Pietersen 'biggest loser' says Vaughan, as Piers Morgan rants
Batsman 'must apologise' to England by the weekend to save international career
THE ROW over Kevin Pietersen's exclusion from the England cricket team shows no sign of abating and now threatens to completely overshadow the showdown with South Africa at Lord's this week, which is also England captain Andrew Strauss's 100th Test.
Pietersen has been dropped for the match, which will decide who is the top ranked Test team in the world, after claims he sent text messages to South African players that were derogatory to Strauss and other figures in the England camp. He was asked to provide assurances that he had not sent the texts, and when he failed to do so he was exiled.
Now observers say that the only way Pietersen can regain the trust of his former team mates is by issuing a public apology. But one former England captain is sceptical about his chances of restarting his England career.
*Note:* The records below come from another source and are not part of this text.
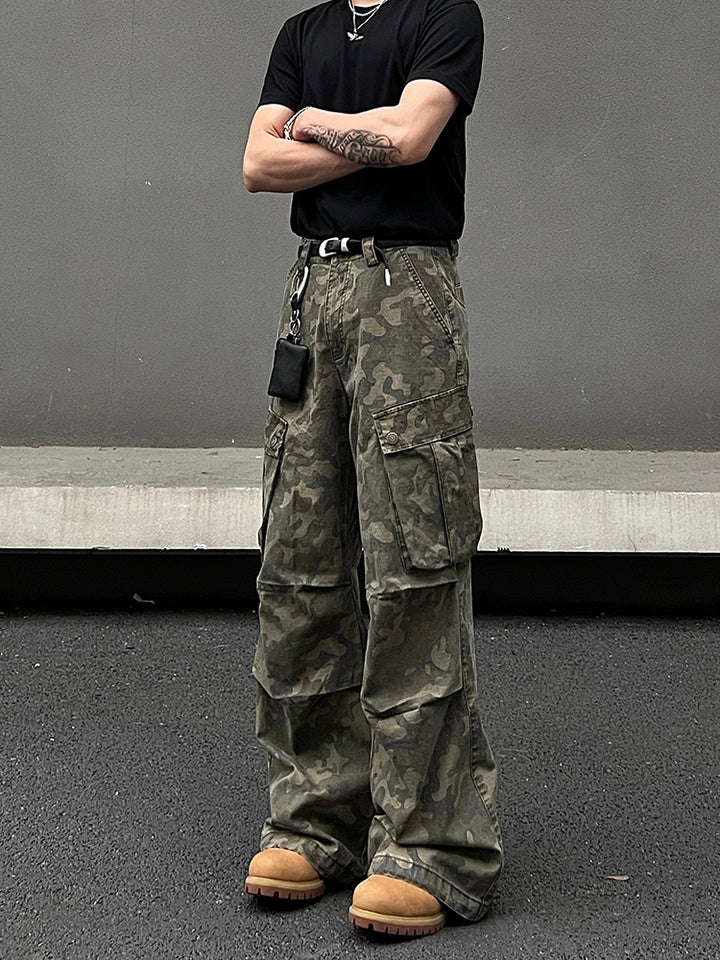 Loose-fit Camouflage Cargo Pants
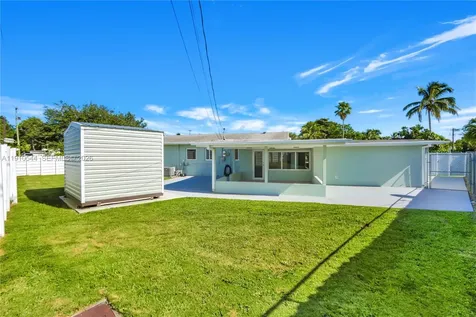 9851 Jamaica Drive Cutler Bay FL 33189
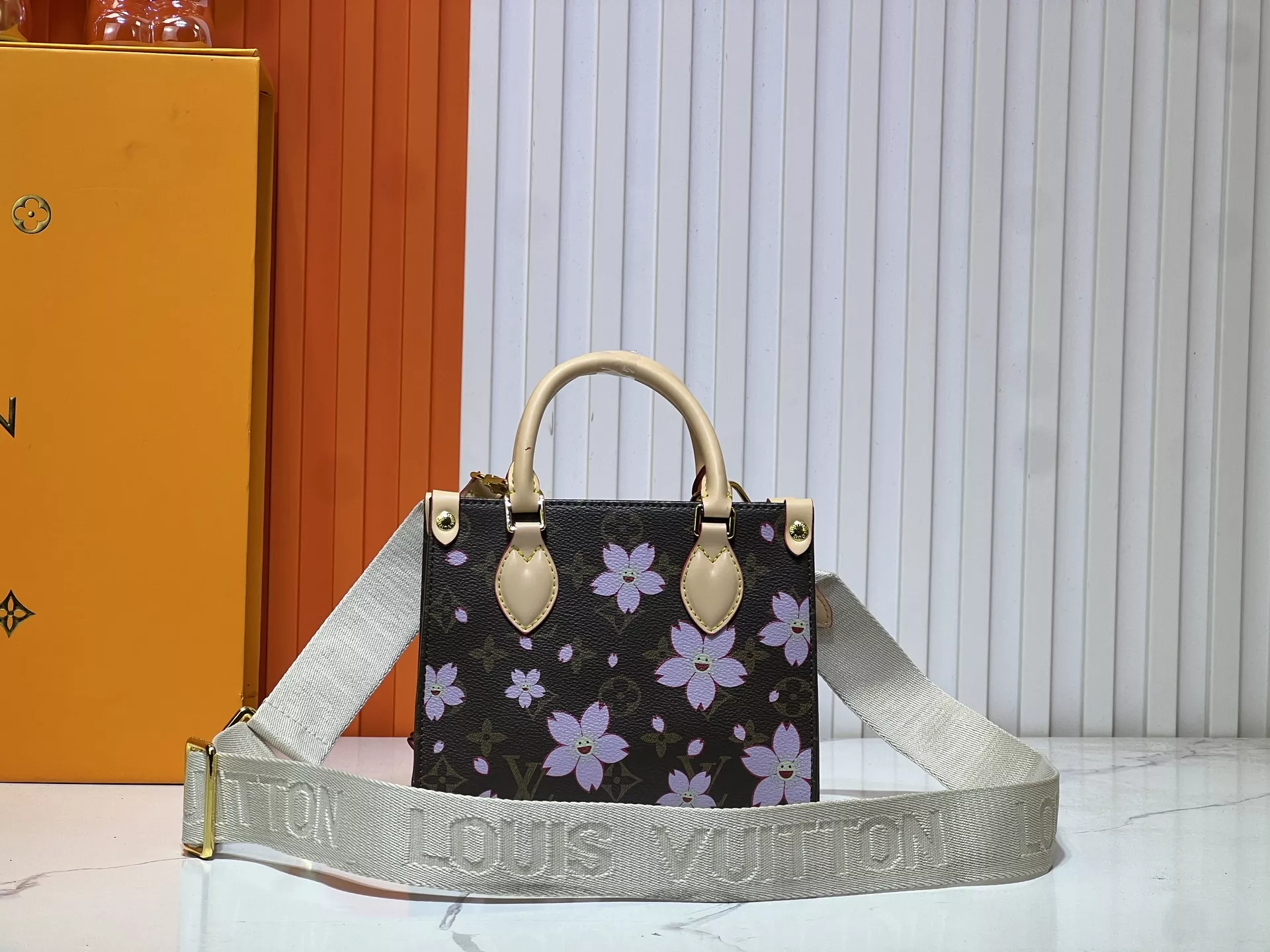 Louis Vuitton AAA Quality Handbags For Women Popular 8032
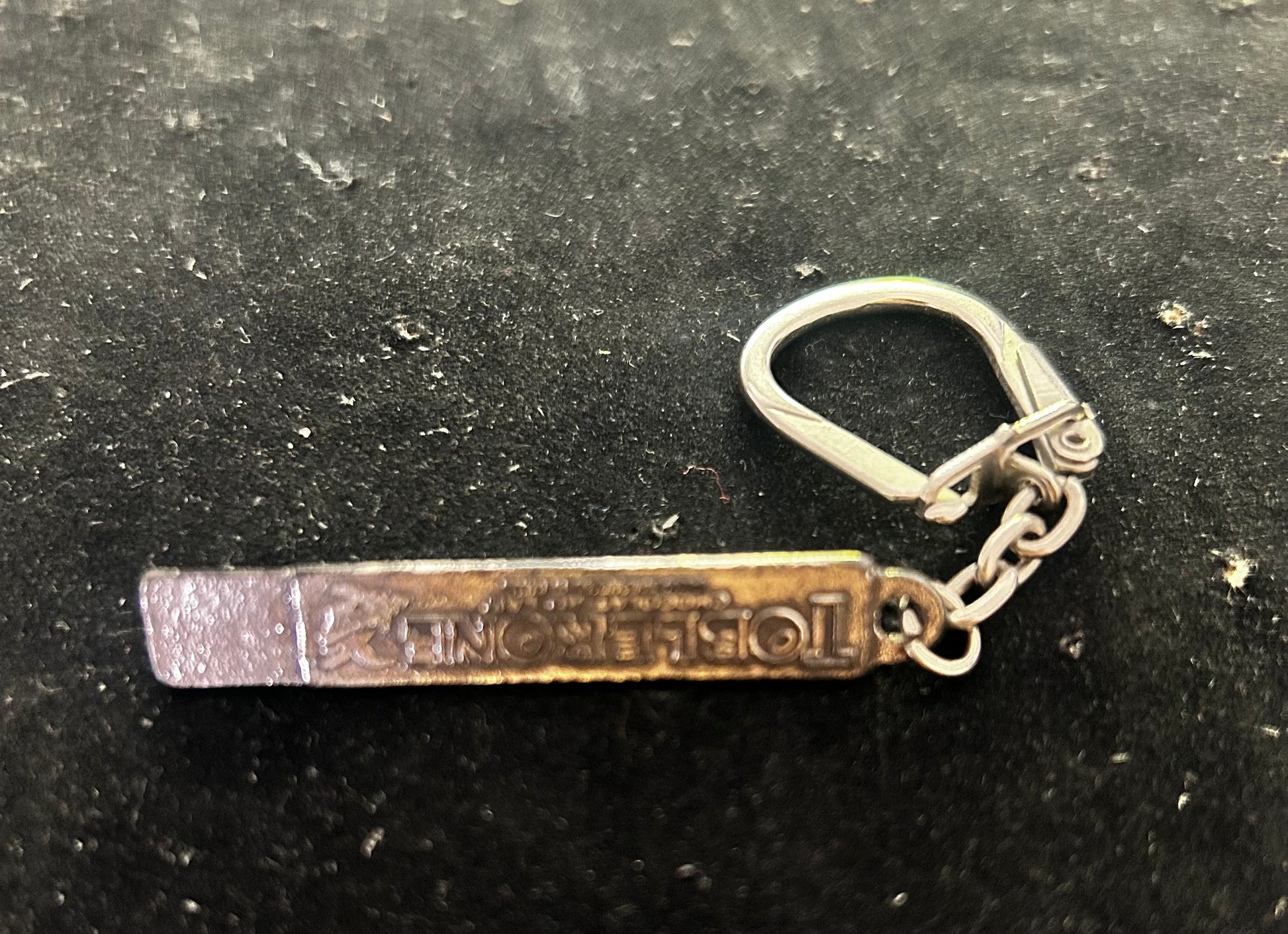 Porte clefs ancien Toblerone. Chocolat au lait. En métal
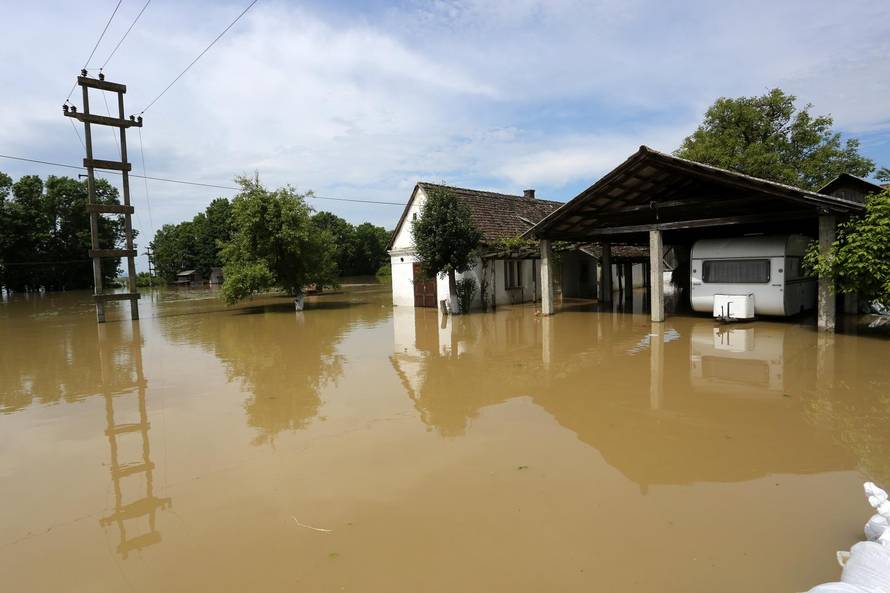 Kako to? Državu su oderali na obnovi, ali nema pogodovanja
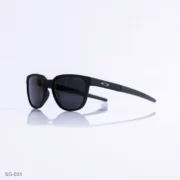 SG-031 - Stylish Matte Black Frame Wayfarer Sunglasses with Black Temples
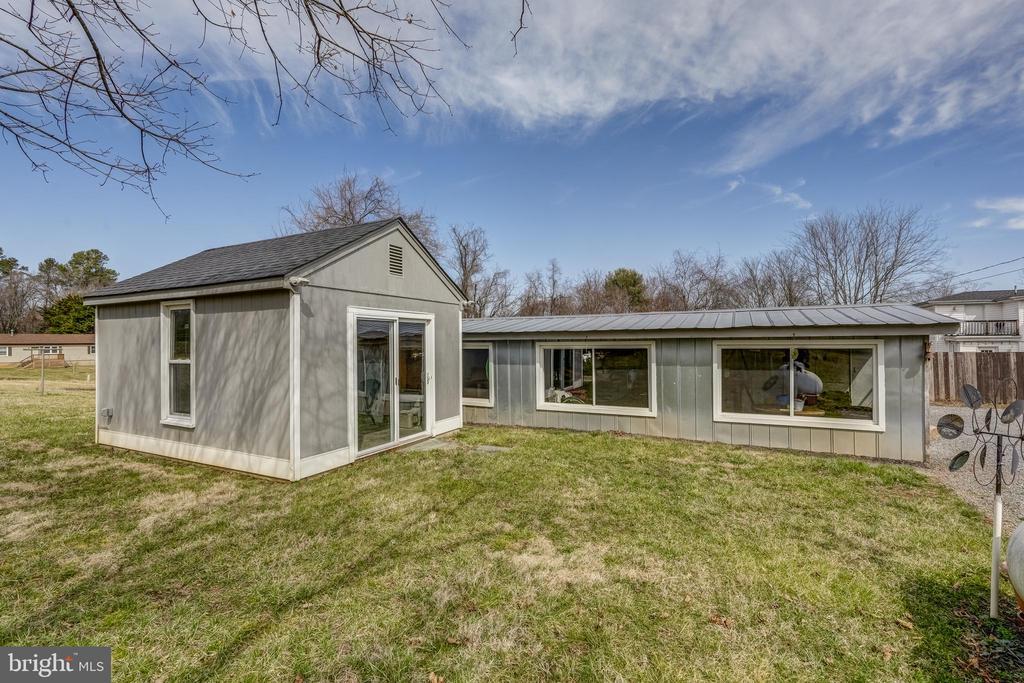 202 CUTLER AVE, LOUISA, Virginia 23093, 7 Bedrooms Bedrooms, ,4 BathroomsBathrooms,Residential,202 CUTLER AVE,VALA2007420 MLS # VALA2007420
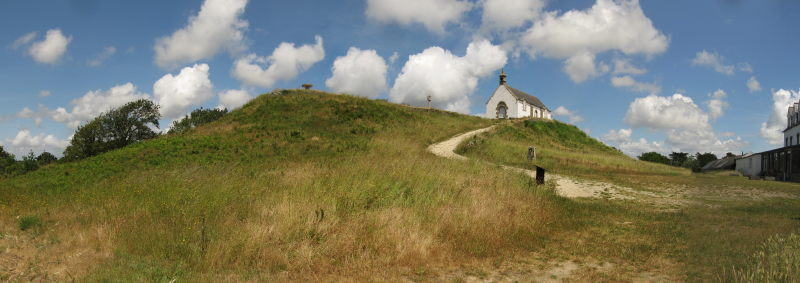 Tumulus und Kirche St Michael 1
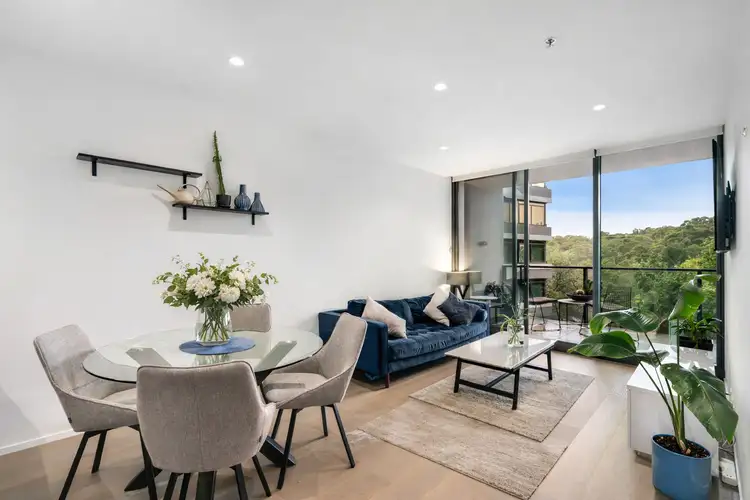 B333/631 Victoria Street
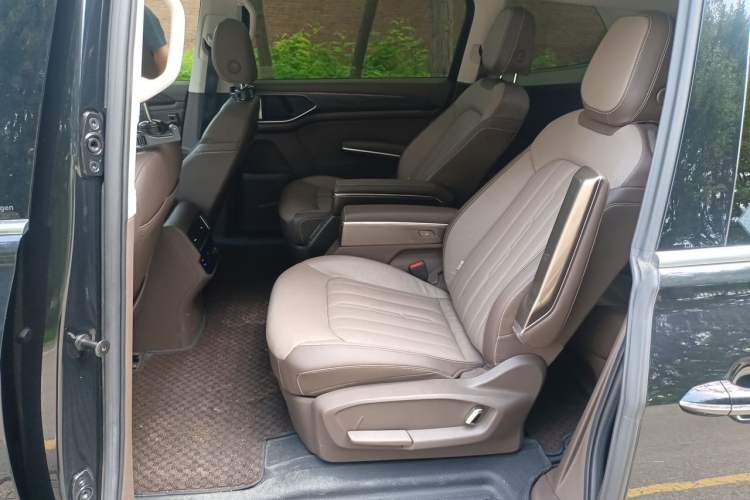 Used Volkswagen Viloran 2023 380TSI Luxury Edition Left Rear Seat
Michael Vaughan, who was skipper when Pietersen burst into the side in 2005, told the BBC there was "no way" he could have played in the upcoming Test. "If it's true that he sent those texts, it will take a long time for him to be allowed back," Vaughan added.
"It's been a mad, but also a very sad week for the England cricket team. There are no real winners, but one very big loser and that's Kevin Pietersen."
The Daily Mail claims that unless Pietersen acts by the weekend his career will be over. "England name their 15-man squad on Saturday for next month's World Twenty20 in Sri Lanka, where they will be defending their trophy. If Pietersen apologises before then, he could be named in the party."
The irony is that Pietersen retired from one-day cricket earlier in the season and was not expected to feature in the Twenty20 squad. He only made himself available for the campaign at the weekend, after the texting row had erupted.
To make matters even more complicated, Pietersen's friend Piers Morgan, appeared on Radio 5 Live on Monday night to lambast the ECB for dropping the player. He also revealed that a joke Twitter account mocking Pietersen had been set up by someone who, the chatshow host claimed, was friends with members of the England team.
A member of the public, Richard Bailey, later came forward to admit that he had set up the account. He also apologised for any embarrassment he had caused.
Amid all the name-calling it is hard not to feel for Strauss ahead of arguably England's most important Test match since the 2009.
"That Strauss is holding up as well as he is through all this is a tribute to his mental strength," writes Mike Selvey in The Guardian. "Being captain while the Pietersen saga has been playing out, however, must have been mentally draining even to one so resilient."
It will, he notes, be a relief to all the England players once the cricket starts on Thursday.